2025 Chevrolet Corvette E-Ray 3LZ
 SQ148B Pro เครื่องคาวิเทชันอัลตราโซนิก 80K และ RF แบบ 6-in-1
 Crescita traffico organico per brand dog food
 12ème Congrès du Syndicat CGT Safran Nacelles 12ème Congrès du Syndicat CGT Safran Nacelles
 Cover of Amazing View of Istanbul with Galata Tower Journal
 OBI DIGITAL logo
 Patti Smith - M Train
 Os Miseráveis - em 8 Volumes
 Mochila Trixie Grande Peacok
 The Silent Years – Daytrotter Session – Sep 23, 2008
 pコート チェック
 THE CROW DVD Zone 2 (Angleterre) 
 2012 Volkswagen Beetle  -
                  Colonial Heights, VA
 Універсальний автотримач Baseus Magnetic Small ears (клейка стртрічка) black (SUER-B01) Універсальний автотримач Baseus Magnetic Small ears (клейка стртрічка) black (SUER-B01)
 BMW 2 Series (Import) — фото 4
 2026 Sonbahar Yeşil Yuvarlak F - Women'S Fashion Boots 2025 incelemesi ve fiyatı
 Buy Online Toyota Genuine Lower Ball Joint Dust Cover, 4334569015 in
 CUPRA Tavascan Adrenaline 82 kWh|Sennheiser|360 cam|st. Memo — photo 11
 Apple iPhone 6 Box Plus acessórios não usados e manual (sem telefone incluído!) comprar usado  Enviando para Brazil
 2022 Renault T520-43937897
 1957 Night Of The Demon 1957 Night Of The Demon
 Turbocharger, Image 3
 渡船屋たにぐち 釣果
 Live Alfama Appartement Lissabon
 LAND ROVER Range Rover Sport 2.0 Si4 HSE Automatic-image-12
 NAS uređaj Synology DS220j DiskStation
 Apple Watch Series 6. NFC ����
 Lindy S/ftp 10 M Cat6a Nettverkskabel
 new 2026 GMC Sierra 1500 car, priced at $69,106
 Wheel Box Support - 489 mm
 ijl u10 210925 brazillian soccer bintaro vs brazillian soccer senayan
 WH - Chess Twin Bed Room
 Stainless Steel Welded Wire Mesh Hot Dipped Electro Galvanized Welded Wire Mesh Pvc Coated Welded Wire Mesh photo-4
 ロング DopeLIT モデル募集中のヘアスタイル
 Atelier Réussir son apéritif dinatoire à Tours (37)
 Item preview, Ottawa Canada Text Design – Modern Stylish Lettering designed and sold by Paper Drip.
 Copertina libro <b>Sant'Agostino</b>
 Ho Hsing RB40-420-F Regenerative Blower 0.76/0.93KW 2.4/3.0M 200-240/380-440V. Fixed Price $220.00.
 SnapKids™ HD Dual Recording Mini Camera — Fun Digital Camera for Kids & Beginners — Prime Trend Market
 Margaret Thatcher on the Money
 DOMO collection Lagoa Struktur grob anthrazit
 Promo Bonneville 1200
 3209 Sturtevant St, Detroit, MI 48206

--------------------

What needs to be done
Write out every line of the data again, exactly as it reads.

Output for this exercise
2025 Chevrolet Corvette E-Ray 3LZ
 SQ148B Pro เครื่องคาวิเทชันอัลตราโซนิก 80K และ RF แบบ 6-in-1
 Crescita traffico organico per brand dog food
 12ème Congrès du Syndicat CGT Safran Nacelles 12ème Congrès du Syndicat CGT Safran Nacelles
 Cover of Amazing View of Istanbul with Galata Tower Journal
 OBI DIGITAL logo
 Patti Smith - M Train
 Os Miseráveis - em 8 Volumes
 Mochila Trixie Grande Peacok
 The Silent Years – Daytrotter Session – Sep 23, 2008
 pコート チェック
 THE CROW DVD Zone 2 (Angleterre) 
 2012 Volkswagen Beetle  -
                  Colonial Heights, VA
 Універсальний автотримач Baseus Magnetic Small ears (клейка стртрічка) black (SUER-B01) Універсальний автотримач Baseus Magnetic Small ears (клейка стртрічка) black (SUER-B01)
 BMW 2 Series (Import) — фото 4
 2026 Sonbahar Yeşil Yuvarlak F - Women'S Fashion Boots 2025 incelemesi ve fiyatı
 Buy Online Toyota Genuine Lower Ball Joint Dust Cover, 4334569015 in
 CUPRA Tavascan Adrenaline 82 kWh|Sennheiser|360 cam|st. Memo — photo 11
 Apple iPhone 6 Box Plus acessórios não usados e manual (sem telefone incluído!) comprar usado  Enviando para Brazil
 2022 Renault T520-43937897
 1957 Night Of The Demon 1957 Night Of The Demon
 Turbocharger, Image 3
 渡船屋たにぐち 釣果
 Live Alfama Appartement Lissabon
 LAND ROVER Range Rover Sport 2.0 Si4 HSE Automatic-image-12
 NAS uređaj Synology DS220j DiskStation
 Apple Watch Series 6. NFC ����
 Lindy S/ftp 10 M Cat6a Nettverkskabel
 new 2026 GMC Sierra 1500 car, priced at $69,106
 Wheel Box Support - 489 mm
 ijl u10 210925 brazillian soccer bintaro vs brazillian soccer senayan
 WH - Chess Twin Bed Room
 Stainless Steel Welded Wire Mesh Hot Dipped Electro Galvanized Welded Wire Mesh Pvc Coated Welded Wire Mesh photo-4
 ロング DopeLIT モデル募集中のヘアスタイル
 Atelier Réussir son apéritif dinatoire à Tours (37)
 Item preview, Ottawa Canada Text Design – Modern Stylish Lettering designed and sold by Paper Drip.
 Copertina libro <b>Sant'Agostino</b>
 Ho Hsing RB40-420-F Regenerative Blower 0.76/0.93KW 2.4/3.0M 200-240/380-440V. Fixed Price $220.00.
 SnapKids™ HD Dual Recording Mini Camera — Fun Digital Camera for Kids & Beginners — Prime Trend Market
 Margaret Thatcher on the Money
 DOMO collection Lagoa Struktur grob anthrazit
 Promo Bonneville 1200
 3209 Sturtevant St, Detroit, MI 48206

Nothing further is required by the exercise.